> _Exercise inputs_
###
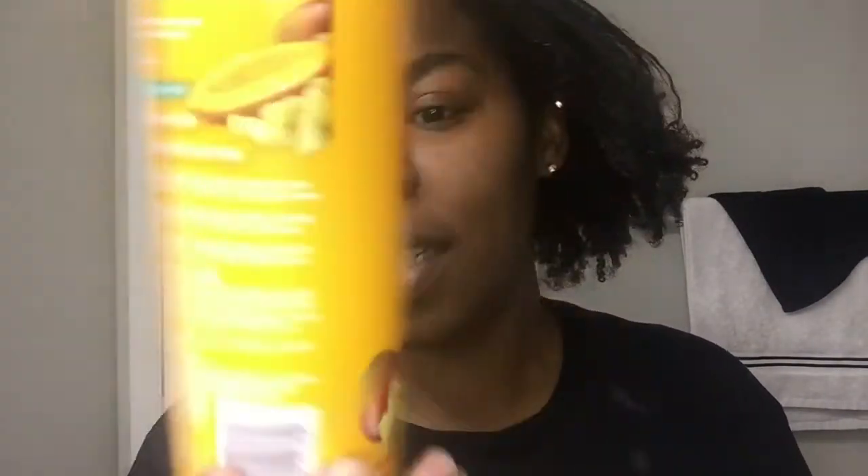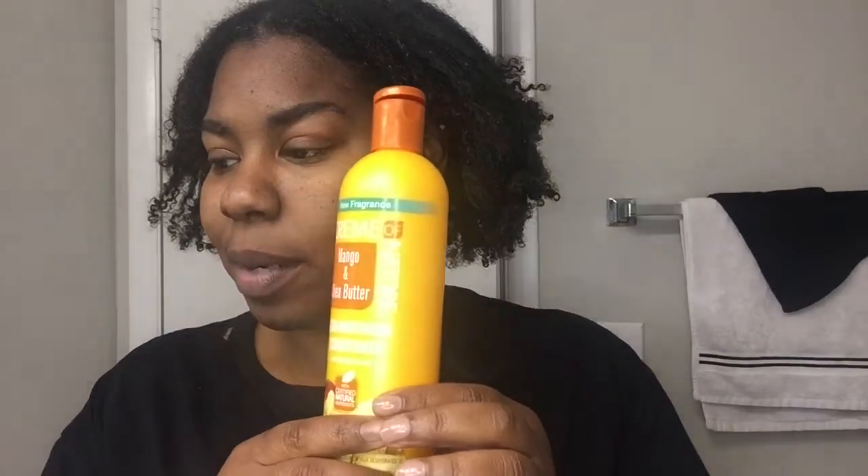I'm using the Cream of Nature mango and shea butter shampoo and the Cream of Nature mango and shea butter ultra moisturizing conditioner. I love this stuff — this is not a sponsored video, I bought all these products. The slip is absolutely amazing and the softness is very real. I also want to try something different with some color, so stay tuned for that.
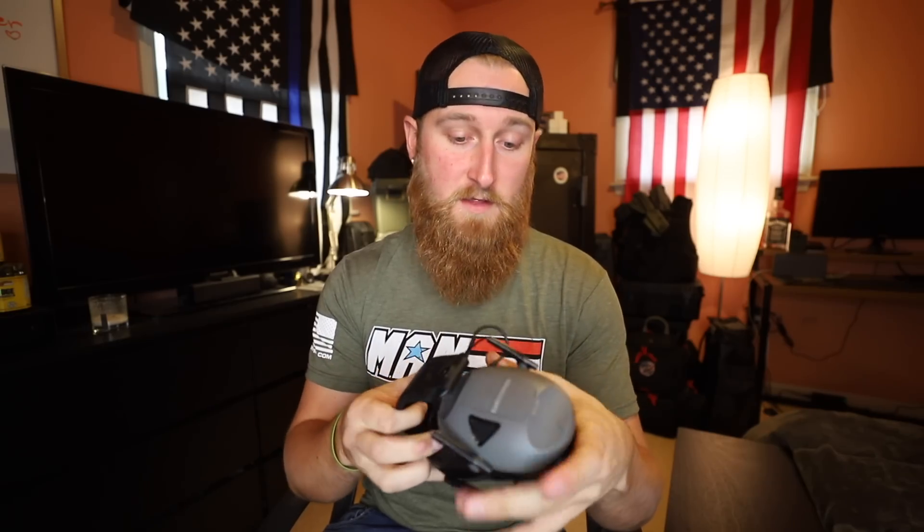The ear protection that I've been using for the past couple of years now have been the Peltor Sports. They are over the ear and they are electronic. You can pick these up for roughly $40, actually a little bit under $40 right now on Amazon. So they are relatively cheap, but at the same time there are a lot of nice features that I like about these things, so let's take a little bit of a closer look.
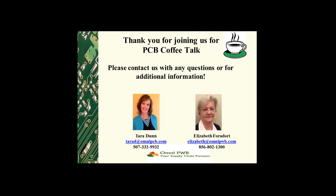Thank you for joining us for PCB Coffee Talk. Please contact us with any questions you might have or for additional information. Thank you so much for joining us, and we hope you'll be with us again for our next coffee talk in the near future.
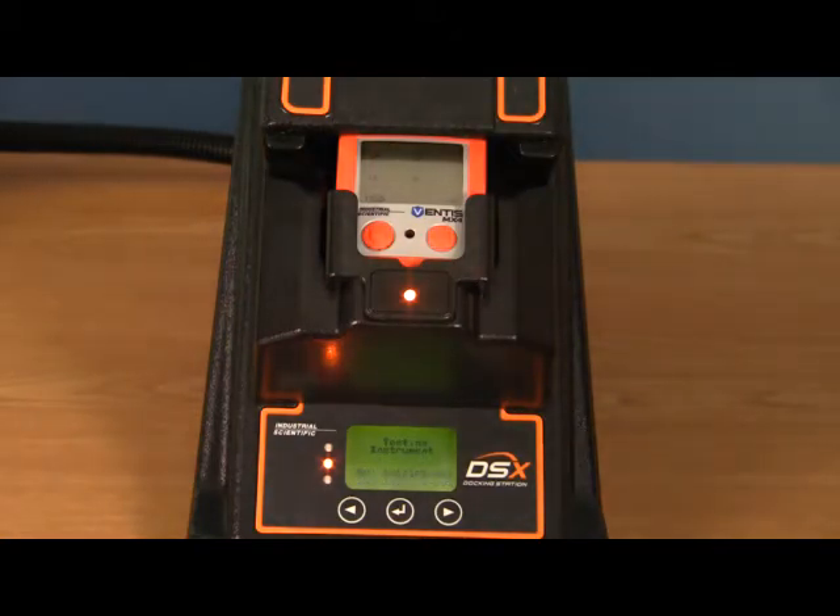It will then go to testing the instrument. A bump test is used to test the audio, visual, and vibrating alarms on the instrument to make sure that they respond to the gas in an appropriate amount of time.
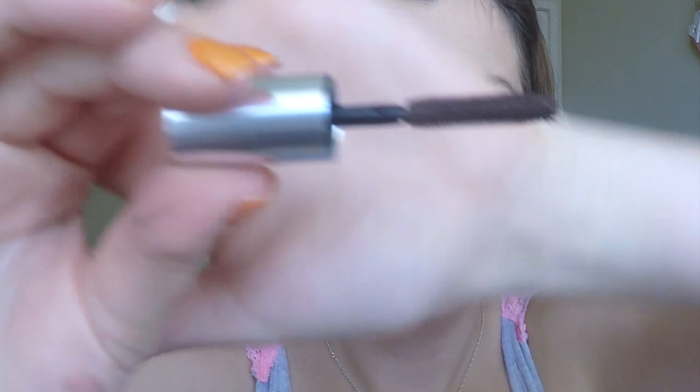Next up is the Their Real Tinted Primer - wear alone to tint and define lashes for a feathery natural look, or wear under mascara to dramatically boost length and separation. It's the same brush as Their Real but with a brown formula. I've applied the primer to this eye and as you can see it's pretty much the same effect as having mascara on. I'm excited to see if this works well, but I don't know why you'd go out and buy a primer and then just use it as a mascara - you could just use a mascara.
###
> _Task to complete_
Line for line, output the entries above from the line with "The ear protection" to the line with "It will then", both included, and nothing more. Skip pictures.

> _Response_
The ear protection that I've been using for the past couple of years now have been the Peltor Sports. They are over the ear and they are electronic. You can pick these up for roughly $40, actually a little bit under $40 right now on Amazon. So they are relatively cheap, but at the same time there are a lot of nice features that I like about these things, so let's take a little bit of a closer look.
Thank you for joining us for PCB Coffee Talk. Please contact us with any questions you might have or for additional information. Thank you so much for joining us, and we hope you'll be with us again for our next coffee talk in the near future.
It will then go to testing the instrument. A bump test is used to test the audio, visual, and vibrating alarms on the instrument to make sure that they respond to the gas in an appropriate amount of time.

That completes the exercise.